Parameter extraction for the triple-diode photovoltaic (PV) model presents a complex, highly nonlinear optimization problem. It necessitates an optimization algorithm that has strong exploration and exploitation abilities to avoid getting stuck in local optima and to accurately determine the model’s parameters. Although various optimization methods have been used in the literature to address this problem, most of them produce poor results, show instability across different PV modules, have slow convergence, and/or require high computational costs. These limitations motivate us to introduce a new robust parameter identification technique called IGO, which can achieve more accurate results with fewer function evaluations. It is based on integrating the recently published growth optimizer (GO) with two new optimization strategies—the convergence improvement strategy and the ranking-based update strategy.
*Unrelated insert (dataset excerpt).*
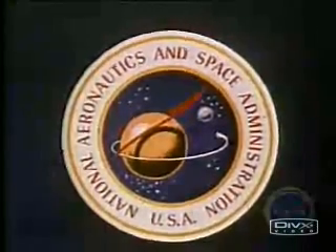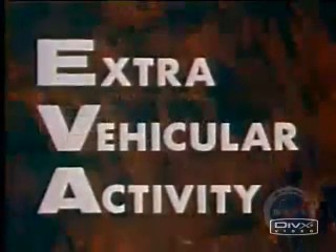People were already adding a new word to their vocabularies: EVA. It stood for extravehicular activity. Some were uncertain whether you said EVA or EVA, but regardless of the pronunciation, it would become an abbreviation of our time.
The latter strategy steadily enhances the exploration operator throughout the optimization to prevent premature convergence to local optima. Simultaneously, it gradually boosts the exploitation operator in the late phases to accelerate convergence to the global optimum. The former strategy focuses on enhancing the exploitation operator during the optimization process to maximize convergence speed while strengthening the exploratory operator in late stages to mitigate the risk of settling in local optima. Integrating both strategies in the proposed IGO aims to balance exploration and exploitation throughout different phases of iteration, thereby preventing stagnation in local optima and encouraging rapid convergence toward the global optimum. The proposed IGO is tested on six popular PV modules and compared with several recently published optimizers using various statistical measures in addition to convergence speed to demonstrate its effectiveness and significance. The experimental results demonstrate that IGO outperforms all other methods in both parameter quality and convergence speed, confirming it as a reliable alternative for extracting the unknown triple-diode model parameters.